Women’s apparel brands Eloqui and Torrid have opted to tackle extended sizes exclusively. Target, on the other hand, has manufactured items from some of its private labels, including an athleisure line called All In Motion, in plus sizes. Victoria’s Secret has been adding plus-size models to its stores to feature different fits of its lingerie.
A bankruptcy filing last year by Ascena Retail Group, which led to the shut down of its plus-size brand Catherines, left an even bigger blank space in the market. Ascena also has closed a number of Lane Bryant plus-size fashion stores.
“Consumers are seeking clothing options … the same options that individuals who don’t require extended sizes have in the market,” said Erin Schmidt, a senior analyst at Coresight. “There is an extreme opportunity for retailers to extend their current offerings.”
While Old Navy declined to comment on how its sales of plus-size items have trended in recent years, a spokeswoman said searches for “plus” on the retailer’s website are up 63% year over year. “Plus” is also a top-100 searched term on Old Navy’s website overall, she said.
With its extended line, Old Navy promises complete pricing parity, so all styles will be the same price no matter the size.
Old Navy is relying on its parent’s learnings from Athleta, too. The women’s workout line, also owned by Gap, has added plus-size mannequins to its stores and made more of its styles available in extended sizes in recent months.
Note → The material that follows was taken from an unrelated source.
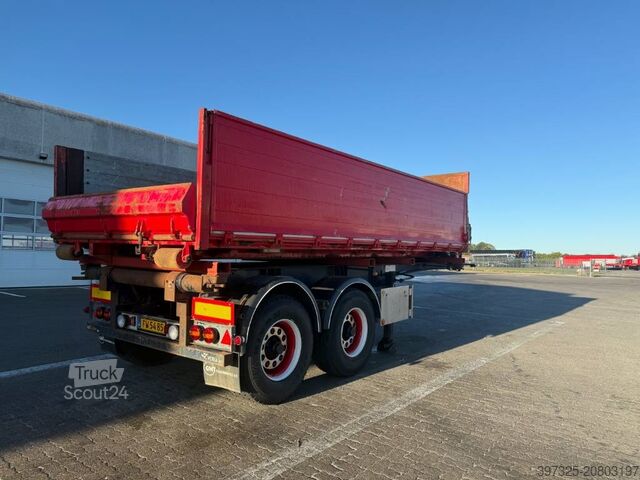 Camion de gunoi LAG City tipper / City-Kippanhänger / City tiptrailer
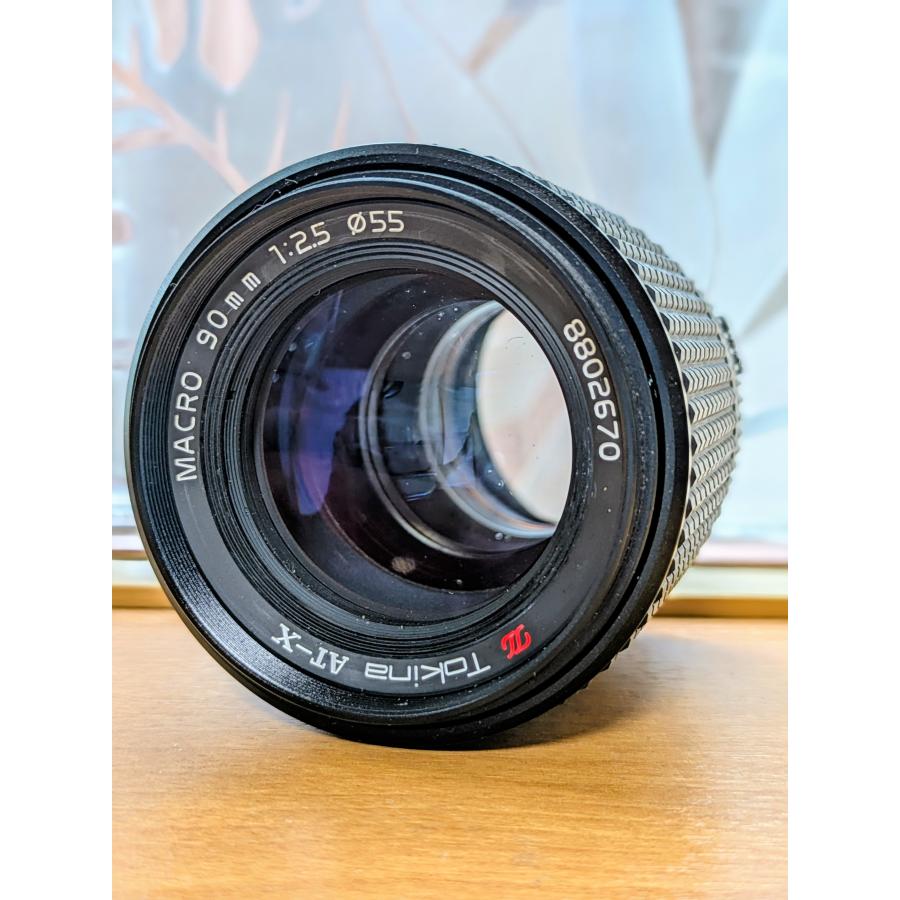 希少 美品 Tokina AT-X MACRO 90mm f2.5 OMマウント オリンパス（OLYMPUS） オールドレンズ トキナー TOKINA AT-X MACRO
Green said the two brands have been working simultaneously over the years on their respective plus-size launches.
Similar to Athleta, Old Navy store employees have also received special training to talk to customers about body positivity and size inclusivity.
“How this apparel is branded and marketed and merchandised has to be very thoughtful and considerate,” Schmidt said.
The growth at both Old Navy and Athleta is key to fueling Gap’s overall business, even more so as it emerges from the Covid pandemic.
The San Francisco-headquartered retailer is trying to turn around its namesake banner and Banana Republic division. Old Navy and Athleta have consistently reported the strongest same-store sales gains among Gap’s four brands. For Gap’s quarter ended May 1, same-stores sales at Athleta surged 46% from pre-pandemic levels and grew 25% at Old Navy on a two-year basis, while the Gap brand and Banana Republic booked declines.
“This is very, very material,” Green said about how the investments in extended sizes will impact Old Navy’s business. “This is the largest, integrated launch we’ve done since we founded the brand. This is very important to our growth.”